エッシェンモーザー・タナベ開裂
エッシェンモーザー・タナベ開裂(エッシェンモーザー・タナベかいれつ)とは、有機反応のひとつで、下式のように α,β-エポキシケトン 1 にスルホニルヒドラジド 2 を作用させ、アルキン 3 とアルデヒドまたはケトン 4 とに分解させる手法である。

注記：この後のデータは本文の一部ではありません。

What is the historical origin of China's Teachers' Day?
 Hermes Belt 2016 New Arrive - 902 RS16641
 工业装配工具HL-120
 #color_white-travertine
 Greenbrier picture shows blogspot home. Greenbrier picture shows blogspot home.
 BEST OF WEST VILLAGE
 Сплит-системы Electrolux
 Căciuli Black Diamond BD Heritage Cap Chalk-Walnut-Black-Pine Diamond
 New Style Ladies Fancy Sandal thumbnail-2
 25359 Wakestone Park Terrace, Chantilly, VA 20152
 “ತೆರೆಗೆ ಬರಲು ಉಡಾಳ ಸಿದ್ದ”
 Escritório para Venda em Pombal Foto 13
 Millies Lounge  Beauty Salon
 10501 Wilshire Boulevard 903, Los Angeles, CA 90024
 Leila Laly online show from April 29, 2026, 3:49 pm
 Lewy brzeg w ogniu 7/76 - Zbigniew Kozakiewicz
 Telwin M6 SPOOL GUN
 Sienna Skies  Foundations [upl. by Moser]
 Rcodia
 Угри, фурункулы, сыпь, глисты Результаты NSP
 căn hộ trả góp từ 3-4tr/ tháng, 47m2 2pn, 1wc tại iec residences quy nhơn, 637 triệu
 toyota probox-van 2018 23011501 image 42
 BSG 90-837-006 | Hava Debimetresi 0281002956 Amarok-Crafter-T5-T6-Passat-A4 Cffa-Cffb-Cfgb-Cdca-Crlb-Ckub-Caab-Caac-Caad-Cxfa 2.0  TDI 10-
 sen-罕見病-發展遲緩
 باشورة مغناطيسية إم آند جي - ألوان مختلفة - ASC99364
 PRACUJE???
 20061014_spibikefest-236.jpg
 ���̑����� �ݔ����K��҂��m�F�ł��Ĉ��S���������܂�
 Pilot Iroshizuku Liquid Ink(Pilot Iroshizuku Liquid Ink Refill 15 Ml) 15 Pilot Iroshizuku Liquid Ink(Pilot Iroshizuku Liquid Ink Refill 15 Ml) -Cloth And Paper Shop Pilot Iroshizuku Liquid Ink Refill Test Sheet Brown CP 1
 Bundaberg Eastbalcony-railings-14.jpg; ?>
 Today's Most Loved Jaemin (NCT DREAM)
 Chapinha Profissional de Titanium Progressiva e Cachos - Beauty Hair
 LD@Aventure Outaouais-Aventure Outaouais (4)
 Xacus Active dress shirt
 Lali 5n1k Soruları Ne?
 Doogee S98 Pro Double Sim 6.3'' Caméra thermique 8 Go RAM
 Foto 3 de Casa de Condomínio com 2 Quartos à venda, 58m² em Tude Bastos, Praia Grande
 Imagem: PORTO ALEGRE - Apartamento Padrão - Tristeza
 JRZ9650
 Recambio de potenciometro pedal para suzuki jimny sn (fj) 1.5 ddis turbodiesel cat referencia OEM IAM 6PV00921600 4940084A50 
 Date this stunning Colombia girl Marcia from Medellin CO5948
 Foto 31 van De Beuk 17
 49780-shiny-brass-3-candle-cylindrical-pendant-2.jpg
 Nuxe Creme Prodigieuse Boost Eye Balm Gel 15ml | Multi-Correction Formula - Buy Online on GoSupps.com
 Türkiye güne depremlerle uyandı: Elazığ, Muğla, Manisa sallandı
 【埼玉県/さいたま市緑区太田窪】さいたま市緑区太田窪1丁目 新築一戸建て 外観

エッシェンモーザー開裂とも呼ばれる[1]。
![エッシェンモーザー・タナベ開裂](http://upload.wikimedia.org/wikipedia/commons/thumb/f/fb/Eschemoser_Fragmentation_Scheme.png/450px-Eschemoser_Fragmentation_Scheme.png)
この反応は1967年、チューリッヒ工科大学のアルバート・エッシェンモーザーら、スタンフォード研究所のマサト・タナベ(en)らの研究グループから、それぞれ独立して報告が行われた[2][3][4]。
反応機構
エッシェンモーザー・タナベ開裂の反応機構を示す。
![](http://upload.wikimedia.org/wikipedia/commons/thumb/3/3e/Eschemoser_Fragmentation_Mechanism.png/700px-Eschemoser_Fragmentation_Mechanism.png)
エッシェンモーザー・タナベ開裂ではまず、α,β-エポキシケトン 1 とスルホニルヒドラジド 2 とが縮合してヒドラゾン 3 となる。プロトンが転位して中間体 4 となった後、スルフィン酸 5 と窒素分子の脱離とともに、生成物のアルキン 6 とカルボニル化合物 7 が生成する。
ヒドラゾン 3 から 4 へのプロトンの転位は、ピリジン、炭酸水素ナトリウム、炭酸ナトリウム、シリカゲルなどで促進される。